▶ **Task goal**
The word "Soft" marks the lines you need; copy each of them from the data.

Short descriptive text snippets
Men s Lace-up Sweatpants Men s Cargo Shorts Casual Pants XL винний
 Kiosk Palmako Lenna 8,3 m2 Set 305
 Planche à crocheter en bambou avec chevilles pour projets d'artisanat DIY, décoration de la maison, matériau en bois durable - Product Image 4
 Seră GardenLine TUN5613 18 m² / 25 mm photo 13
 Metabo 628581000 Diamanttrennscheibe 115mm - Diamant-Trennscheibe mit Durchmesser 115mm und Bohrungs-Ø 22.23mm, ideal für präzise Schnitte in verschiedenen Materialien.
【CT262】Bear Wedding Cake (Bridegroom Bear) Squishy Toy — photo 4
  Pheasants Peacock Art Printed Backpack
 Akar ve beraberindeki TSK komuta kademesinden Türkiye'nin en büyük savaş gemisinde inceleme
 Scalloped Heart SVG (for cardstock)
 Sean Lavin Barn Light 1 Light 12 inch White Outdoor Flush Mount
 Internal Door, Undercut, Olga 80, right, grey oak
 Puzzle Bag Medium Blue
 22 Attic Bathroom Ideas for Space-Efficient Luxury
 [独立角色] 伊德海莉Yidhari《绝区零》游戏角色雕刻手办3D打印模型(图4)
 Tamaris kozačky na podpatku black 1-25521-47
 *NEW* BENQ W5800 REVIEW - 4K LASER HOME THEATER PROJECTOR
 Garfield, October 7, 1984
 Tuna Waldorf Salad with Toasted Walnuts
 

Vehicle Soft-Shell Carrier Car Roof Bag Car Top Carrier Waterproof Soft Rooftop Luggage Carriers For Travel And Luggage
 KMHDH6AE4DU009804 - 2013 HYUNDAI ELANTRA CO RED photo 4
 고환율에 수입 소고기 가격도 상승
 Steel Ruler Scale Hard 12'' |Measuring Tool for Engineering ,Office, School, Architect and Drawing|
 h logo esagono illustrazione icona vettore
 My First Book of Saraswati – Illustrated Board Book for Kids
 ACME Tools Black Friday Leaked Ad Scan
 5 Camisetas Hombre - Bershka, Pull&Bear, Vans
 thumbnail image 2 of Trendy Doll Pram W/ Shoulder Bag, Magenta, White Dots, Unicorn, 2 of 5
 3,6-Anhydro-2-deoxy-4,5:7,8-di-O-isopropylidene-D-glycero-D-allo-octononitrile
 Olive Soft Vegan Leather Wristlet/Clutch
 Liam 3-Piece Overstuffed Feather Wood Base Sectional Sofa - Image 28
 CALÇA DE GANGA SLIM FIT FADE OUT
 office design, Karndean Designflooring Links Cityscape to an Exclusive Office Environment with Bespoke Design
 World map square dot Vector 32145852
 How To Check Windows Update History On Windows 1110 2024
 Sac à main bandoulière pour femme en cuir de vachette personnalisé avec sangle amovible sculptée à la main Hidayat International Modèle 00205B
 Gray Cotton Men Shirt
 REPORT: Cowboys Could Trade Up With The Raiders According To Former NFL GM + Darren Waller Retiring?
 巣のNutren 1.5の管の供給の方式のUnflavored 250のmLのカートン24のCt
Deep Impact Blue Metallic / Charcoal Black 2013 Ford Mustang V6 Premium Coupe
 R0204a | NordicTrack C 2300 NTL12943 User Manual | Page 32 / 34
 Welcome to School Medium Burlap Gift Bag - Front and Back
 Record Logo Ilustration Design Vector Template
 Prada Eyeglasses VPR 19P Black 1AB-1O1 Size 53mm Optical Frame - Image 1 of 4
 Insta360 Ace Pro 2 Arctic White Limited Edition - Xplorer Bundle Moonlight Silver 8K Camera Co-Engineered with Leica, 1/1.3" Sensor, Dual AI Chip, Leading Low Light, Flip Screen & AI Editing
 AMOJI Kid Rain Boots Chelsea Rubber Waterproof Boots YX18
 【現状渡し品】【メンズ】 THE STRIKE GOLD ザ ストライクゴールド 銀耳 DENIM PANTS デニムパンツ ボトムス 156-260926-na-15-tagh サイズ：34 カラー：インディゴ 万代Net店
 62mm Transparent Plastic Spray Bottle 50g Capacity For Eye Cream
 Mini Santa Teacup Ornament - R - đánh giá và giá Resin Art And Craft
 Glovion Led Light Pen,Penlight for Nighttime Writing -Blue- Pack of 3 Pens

▶ **Answer section**
Vehicle Soft-Shell Carrier Car Roof Bag Car Top Carrier Waterproof Soft Rooftop Luggage Carriers For Travel And Luggage
 Olive Soft Vegan Leather Wristlet/Clutch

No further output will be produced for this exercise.